Die Zahlen sprechen für sich – und sie verheißen nichts Gutes: Die in den vergangenen Tagen vorgelegten Ergebnisse, Hochrechnungen und Prognosen zur wirtschaftlichen Lage und Entwicklung in Deutschland fallen gelinde gesagt verheerend aus.

Für insgesamt 10 Millionen Beschäftigte wurden bereits Anträge auf Kurzarbeit gestellt. Das ist ein – mit einigem Abstand – trauriger Rekord, aufgestellt binnen weniger Wochen. Zum Vergleich: 2009, als die globale Wirtschafts- und Finanzkrise durchzuschlagen begann, wurden im gesamten Jahr 3,3 Millionen Anträge auf Kurzarbeit gestellt.

Beispielloser Run aufs Kurzarbeitergeld

Zwar teilte die Bundesagentur für Arbeit einschränkend dazu mit, dass längst nicht alle, für die Kurzarbeit angemeldet werde, letztlich auch in Kurzarbeit gehen müssten. Es handele sich dabei vielmehr um eine Maximalzahl aus Gründen der Abrechenbarkeit für die Unternehmen. Doch wenn man sich vor Augen führt, wie heftig die aktuellen Einschränkungen durch die Corona-Pandemie auf etliche Wirtschaftsbereiche durchschlagen, fällt es nicht schwer, sich vorzustellen, dass auch die realen Kurzarbeitszahlen in schwindelerregende Höhen schnellen dürften.

Die Kurzarbeit ist ein staatliches Instrument, mit dem Betriebe finanziell unterstützt werden, um während der Dauer der Krise Arbeitsplätze abzusichern und Entlassungen zu vermeiden.

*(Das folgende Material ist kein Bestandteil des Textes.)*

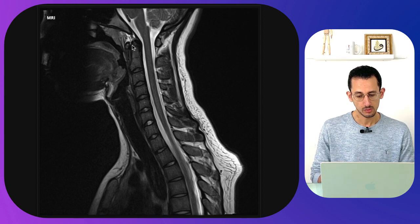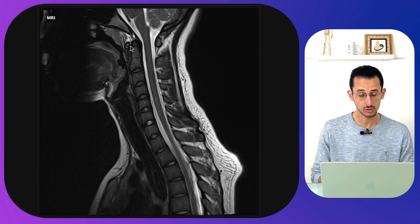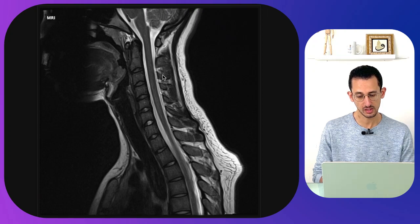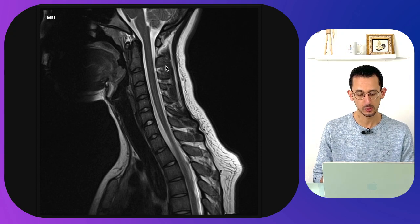At the top, we can see the space between the C1 anterior arch and the odontoid, which is the atlantodental interval. Posteriorly, the spinous processes of C2, C3, C4 and so on are visible, and the space in between is the interspinous space, which contains the interspinous ligament.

Die Beschäftigten erhalten bei reduzierter Arbeitszeit zunächst 60 beziehungsweise 67 Prozent ihrer üblichen Bezüge. Zuletzt wurden die Zahlungen auf bis zu 87 Prozent ausgeweitet – je nach Dauer der Kurzarbeitsmaßnahme.

Konsumklima im Keller

Vor diesem Hintergrund überrascht es nicht, dass auch die Verbraucherstimmung immer weiter in den Keller abrutscht. Wer mit einem Bruchteil des Normalgehalts auskommen muss oder sogar um seinen Job fürchtet, scheut größere oder verschiebbare Investitionen und fokussiert sich auf das Nötigste.

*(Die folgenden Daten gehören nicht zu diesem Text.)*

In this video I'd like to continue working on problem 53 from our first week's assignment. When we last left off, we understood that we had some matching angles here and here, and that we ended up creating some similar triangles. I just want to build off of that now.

Für Mai rechnen die Konsumforscher der GfK mit einem Einbruch ihres Barometers zur Messung des Verbrauchervertrauens um 25,7 Punkte auf minus 23,4 Zähler. Ähnlich verheerend fallen die Ergebnisse mit Blick auf die Einkommenserwartung aus: Hier rauschte der Index im April um 47,1 Punkte in die Tiefe auf minus 19,3 Punkte und verzeichnete damit den stärksten Rückgang in seiner 30jährigen Geschichte.

Schlimmste Rezession der Nachkriegszeit erwartet

Einen historischen Negativwert erwartet auch die Bundesregierung hinsichtlich der Wirtschaftsentwicklung in Deutschland. Laut Bundeswirtschaftsminister Peter Altmaier rechnet man in Berlin mit der schwersten Rezession in der Nachkriegsgeschichte.

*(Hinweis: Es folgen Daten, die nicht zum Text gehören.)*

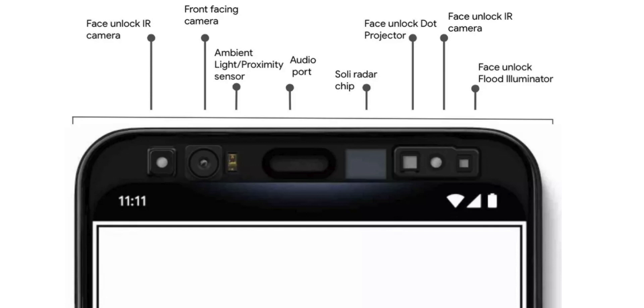You have a dot projector and a flood illuminator for face unlocking and then you have that Soli radar chip. The iPhone also uses similar sensors for its 3D face unlocking and we know the Mate 30 Pro also has 3D face unlocking so uses a lot of similar sensors as well.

Laut der Frühjahrsprognose geht die Regierung von einem Rückgang des Bruttoinlandsprodukts um 6,3 Prozent für das laufende Jahr 2020 aus. Besonders schlecht werde demnach das aktuelle zweite Quartal ausfallen, da zurzeit die beschränkenden Maßnahmen in vollem Umfang durchschlagen und die Wirtschaft weitgehend zum Erliegen bringen.

Für das zweite Halbjahr rechnen die Experten mit einer leichten Erholung durch allmähliche Lockerungen – doch ob es wirklich so kommt, bleibt ungewiss. Noch lässt sich kaum vorhersagen, ob, wann und in welchem Ausmaß welche Beschränkungen in welchen Branchen wieder gelockert werden können oder eben nicht.

Fest steht nur: 2020 wird ein rabenschwarzes Jahr für die Wirtschaft, nicht nur in Deutschland, sondern weltweit.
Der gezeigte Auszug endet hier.